Scraped caption text data
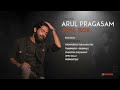 Arul Pragasam Tamil Cover Collectons JUKEBOX 2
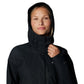 Columbia Columbia - Women's Hikebound™ II Jacket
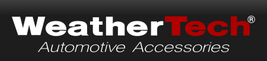 WeatherTechlogo.png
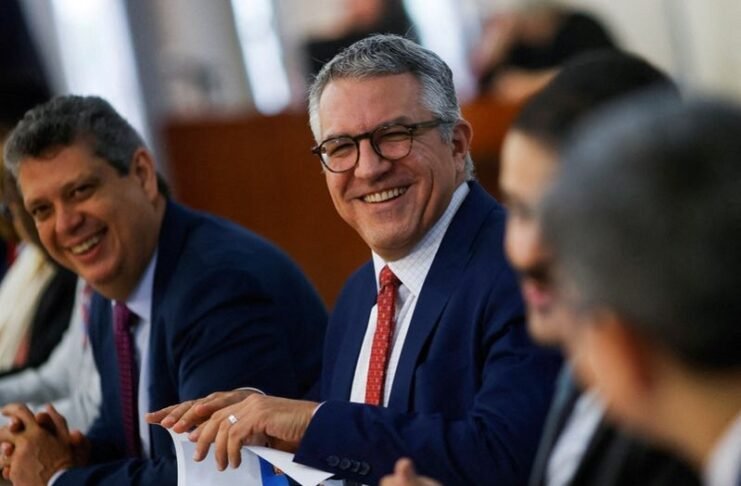 De maioria bolsonarista, Bancada do ES promete apoiar governo Lula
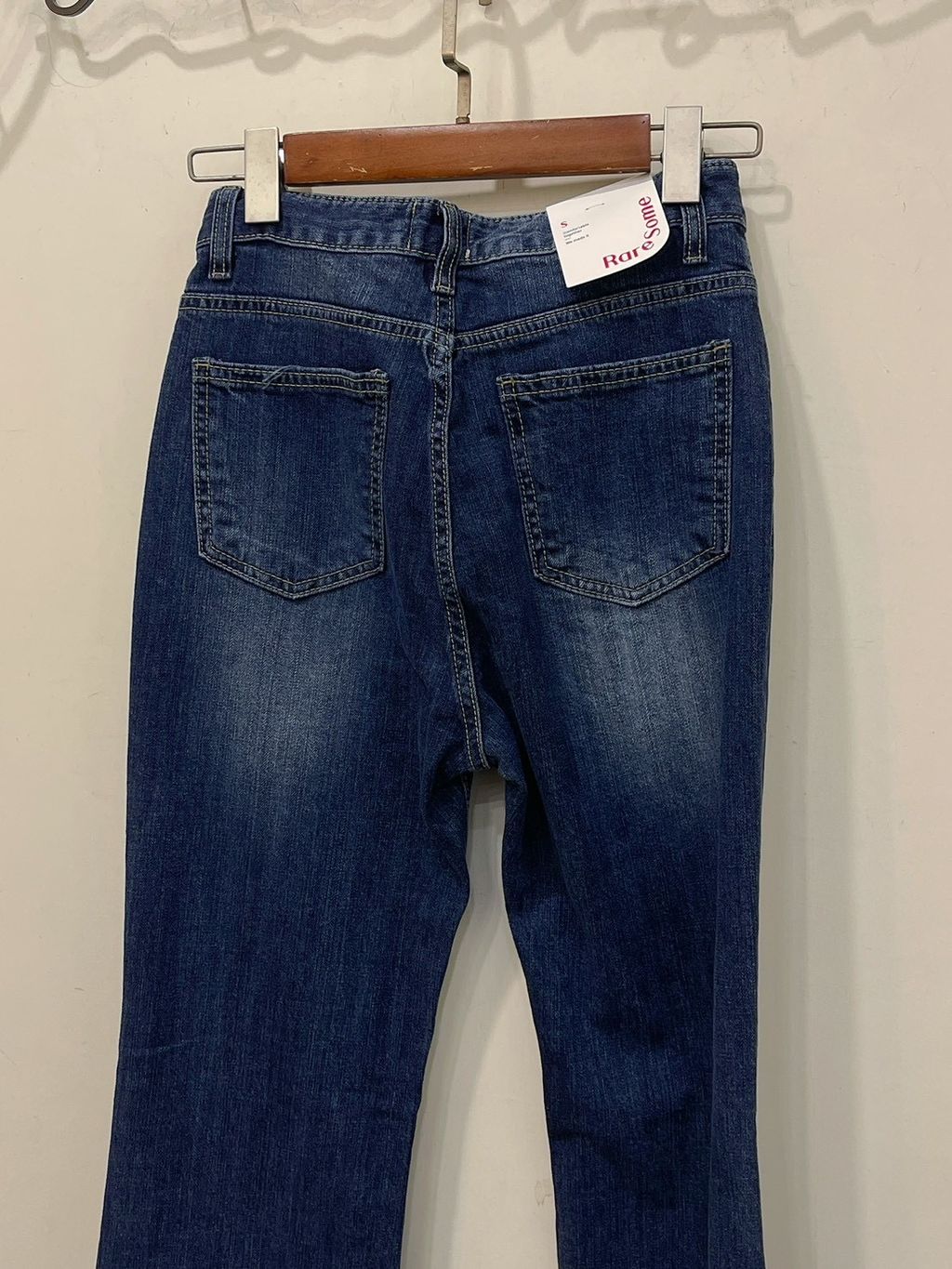 image_78E7FA87-684B-45DC-A343-8023883A71AE_1777032095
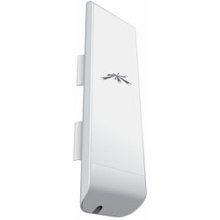 Ubiquiti NanoStation M5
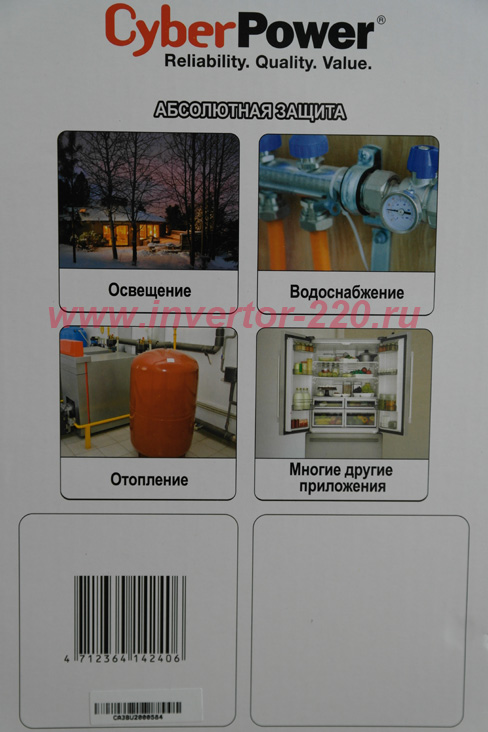 �������� 500 �� - �������� ����������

_WORK INSTRUCTIONS_
Every line of the records above should be reproduced exactly, with no pictures included.

_EXPECTED ANSWER_
 Arul Pragasam Tamil Cover Collectons JUKEBOX 2
 Columbia Columbia - Women's Hikebound™ II Jacket
 WeatherTechlogo.png
 De maioria bolsonarista, Bancada do ES promete apoiar governo Lula
 image_78E7FA87-684B-45DC-A343-8023883A71AE_1777032095
 Ubiquiti NanoStation M5
 �������� 500 �� - �������� ����������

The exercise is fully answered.